When publishing in Greek, a “X minute read” label sets reader expectations. Because reading speed varies by language, you cannot reuse an English estimate. This tool counts the words in your Greek text and divides by 162 words per minute, the research-reported silent-reading rate for Greek.
How it works
The estimate is a simple ratio:
minutes = wordCount / wordsPerMinute
The default wordsPerMinute is 162, drawn from cross-language reading-rate
studies that place modern Greek below faster languages such as English (~228
WPM) because Greek encodes more grammatical information per word.
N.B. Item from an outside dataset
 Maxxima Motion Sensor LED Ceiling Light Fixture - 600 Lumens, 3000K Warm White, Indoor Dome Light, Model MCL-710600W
Word count is obtained by splitting the text on whitespace and punctuation and keeping every token that contains at least one letter, so numbers and lone symbols do not inflate the count. The resulting minutes value is shown both as a rounded “minute read” figure and as exact minutes and seconds.
Tips and example
- A 486-word Greek article at 162 WPM is about 3.0 minutes — 486 / 162 = 3.
- For dense academic or legal Greek, drop the speed to roughly 120 WPM to get a more realistic estimate of careful reading.
- For headlines and skimmable lists, raise the speed toward 250 WPM, since readers do not read every word.
- The estimate assumes silent reading; reading aloud is considerably slower, so use a lower WPM if you are timing a spoken delivery.